Cassia is a much thicker bark that rolls up into a single dense layer
rather than many thin parchment pieces. Ceylon cinnamon is easy to
crumble, but Cassia requires a lot of force to snap in half.
The main whole cinnamon stick sold in American grocery stores is
Cassia. There are many cheap and poorly produced varieties of
Cassia in the market, but there are also some excellent types
of Cassia that are outstanding, if you know where to look!
Cassia Cinnamon has an essential oil content of 0.9% to 7%
which is why we source our Cassia from Vietnam which is renowned
for an exceptional Cassia quality. The grade of Cassia we purchase
is guaranteed to have a minimum of 5% volatile oil content!

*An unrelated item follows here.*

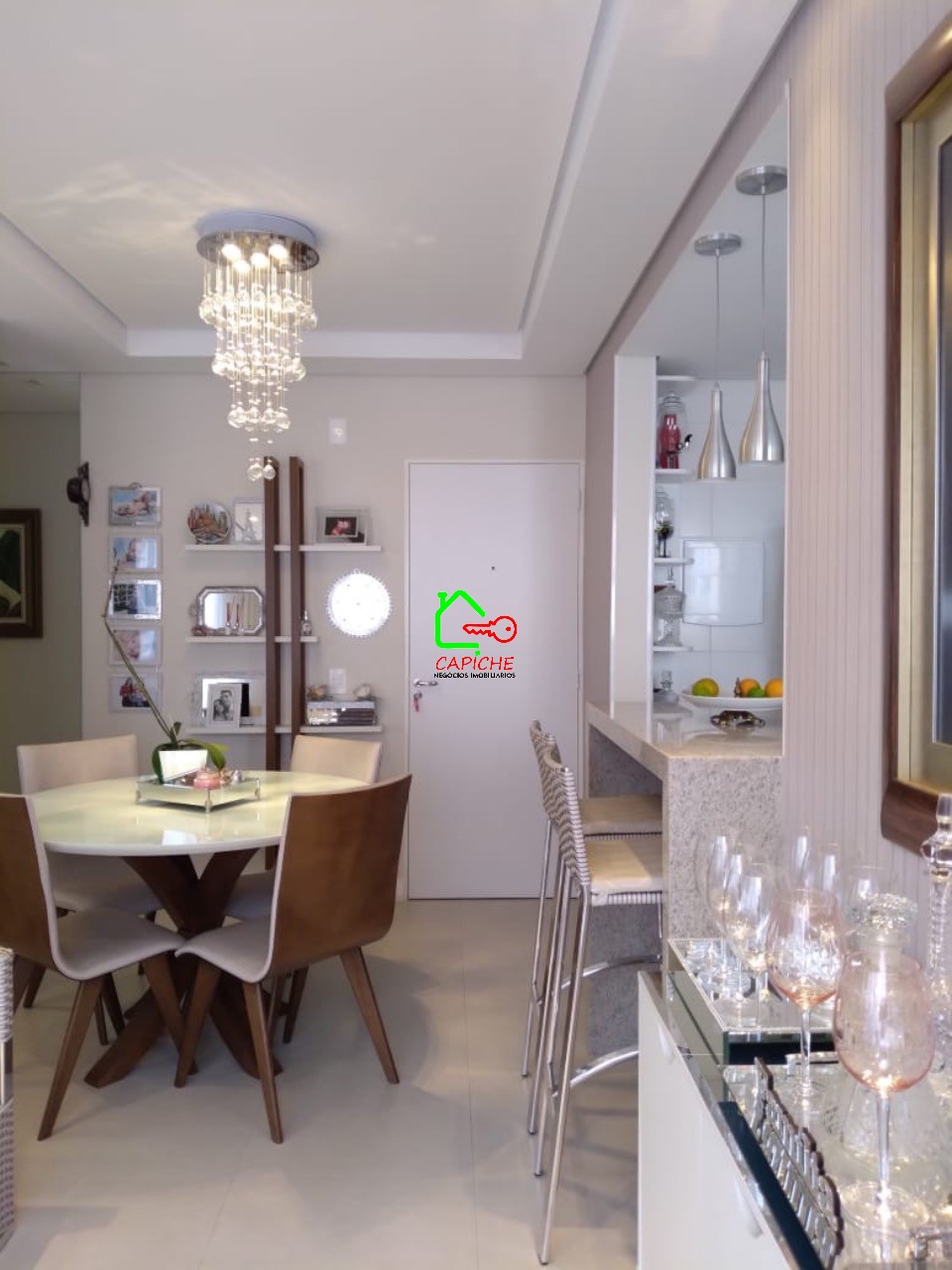 Apartamento à venda com 2 quartos, 54m² - Foto 2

Ginger (Zingiber officinale)
We source an organic and non-irradiated ginger which we peel,
slice, and dry in-house for the most potent product possible.

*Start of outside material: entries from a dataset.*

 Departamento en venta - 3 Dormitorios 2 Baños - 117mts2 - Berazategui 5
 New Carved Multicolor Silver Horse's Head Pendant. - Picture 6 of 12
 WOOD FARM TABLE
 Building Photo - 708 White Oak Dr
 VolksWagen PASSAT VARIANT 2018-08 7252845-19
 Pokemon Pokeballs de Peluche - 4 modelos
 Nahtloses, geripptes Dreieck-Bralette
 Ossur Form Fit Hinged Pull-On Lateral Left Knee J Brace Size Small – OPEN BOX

Slicing and drying both ginger and garlic is truly a tedious
labor of love!
Allspice (Pimenta dioica)
We source our Allspice exclusively from Jamaica!
There is no other source on the planet more esteemed
for the quality of Allspice berries that are
produced than in Jamaica. Many other companies
will shortcut their recipes with Mexican Allspice
to save money, but that is an inferior product.
Mexico imports many great foods, especially peppers,
but Allspice is not one of them.
Jamaican Allspice is cultivated and farmed on the island
with much care being given to the crop and its production.
The berries are hand-picked, tend to be more uniform in size
then wild berries, and have a higher concentration of volatile
oils which is between 4 and 5 percent.
Cloves (Syzygium aromaticum)
Cloves are the unopened buds of the clove tree and right before
these buds blossom they turn a brilliant pink. This is the ideal
time to harvest them as they are at their peak aroma and flavor.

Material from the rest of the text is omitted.